### PROBLEM
What you return should be only the lines starting at the one that contains "Creative Halloween Skull" and running to the end of the listing, exactly as written, minus any pictures.

### DATASET CONTENT

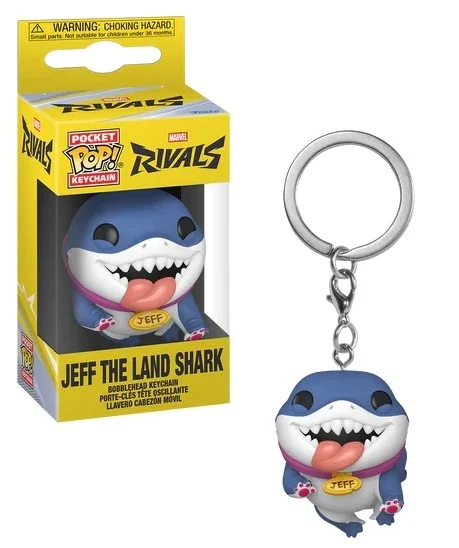 MARVEL RIVALS – Pocket Pop Keychain – Jeff the land shark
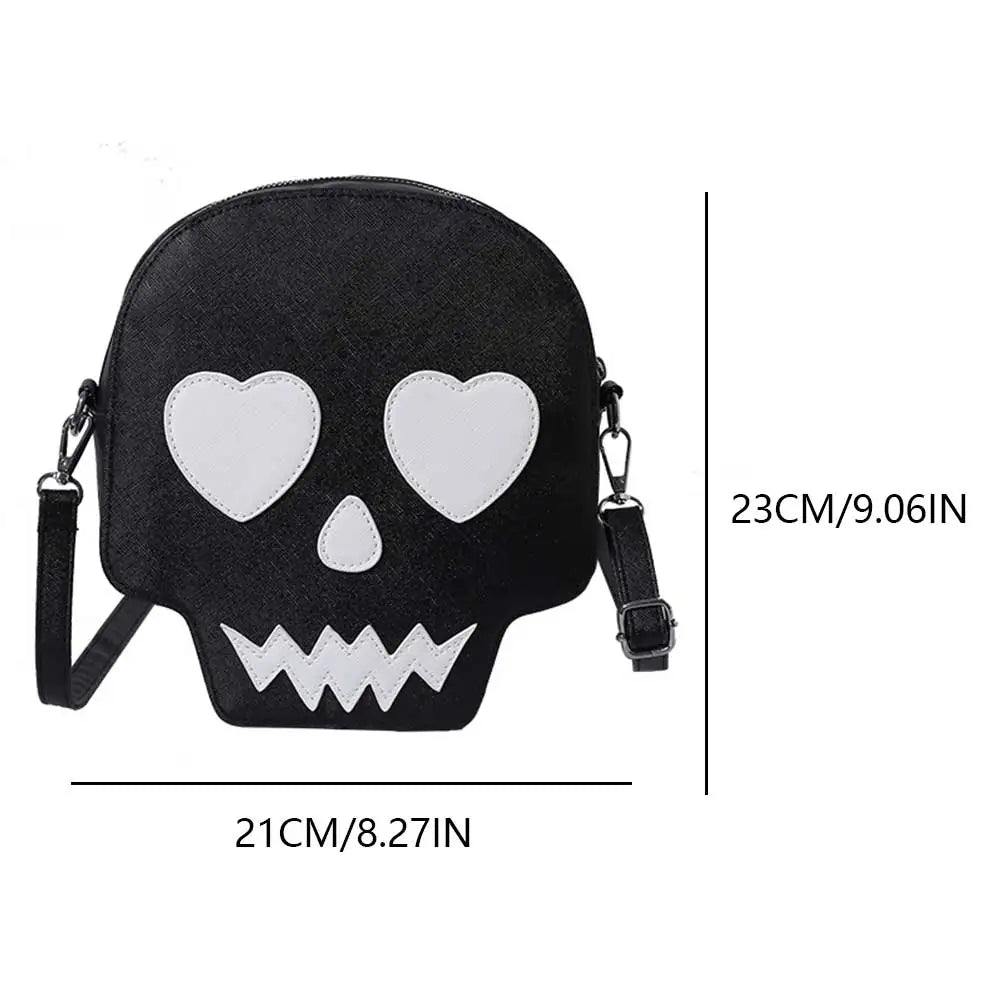 Creative Halloween Skull Crossbody Bag – Fun Novelty Purse for Women & Men, 2024 Halloween Gift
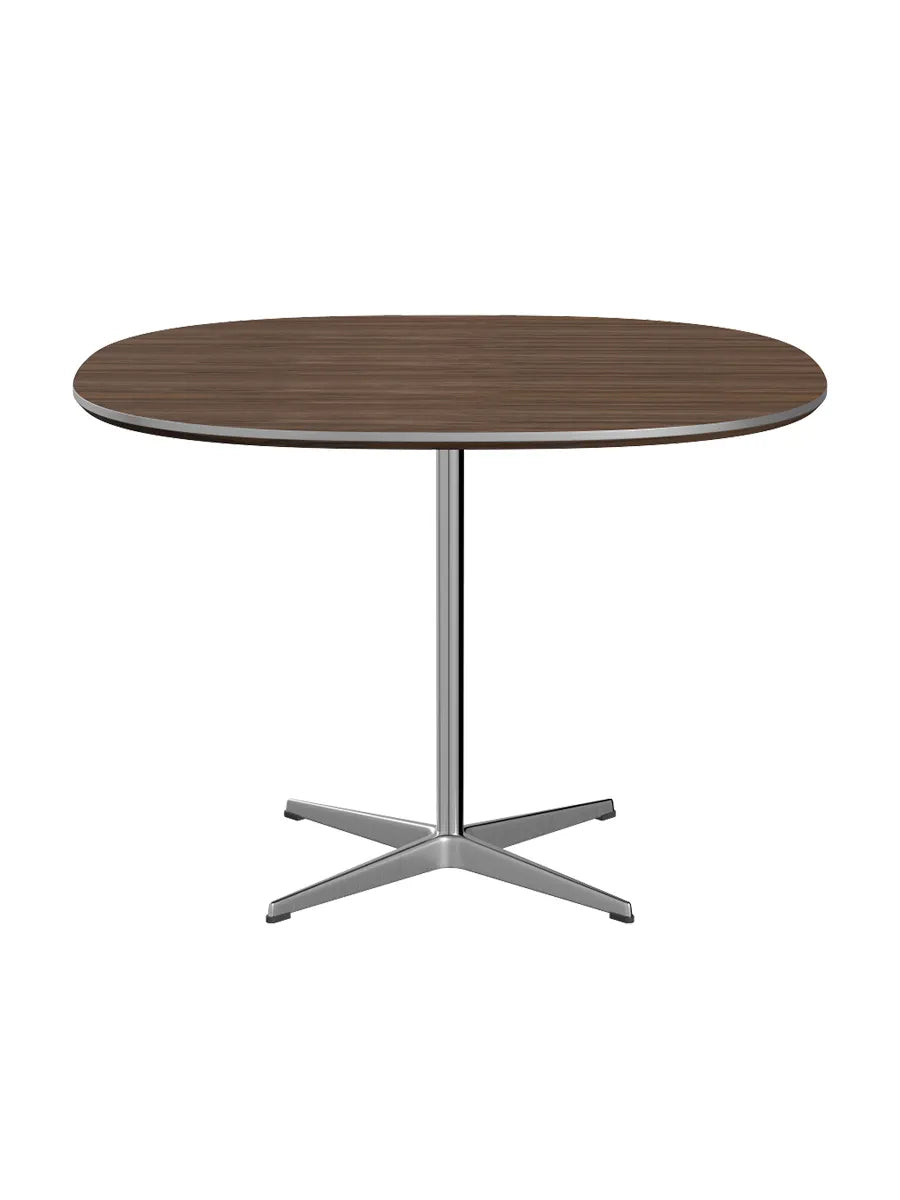 Piet Hein A603 cafébord, 100 x 100 cm fra Fritz Hansen - Valnød finér m. finérkant - Jacobsen Plus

### WRITTEN ANSWER
 Creative Halloween Skull Crossbody Bag – Fun Novelty Purse for Women & Men, 2024 Halloween Gift
 Piet Hein A603 cafébord, 100 x 100 cm fra Fritz Hansen - Valnød finér m. finérkant - Jacobsen Plus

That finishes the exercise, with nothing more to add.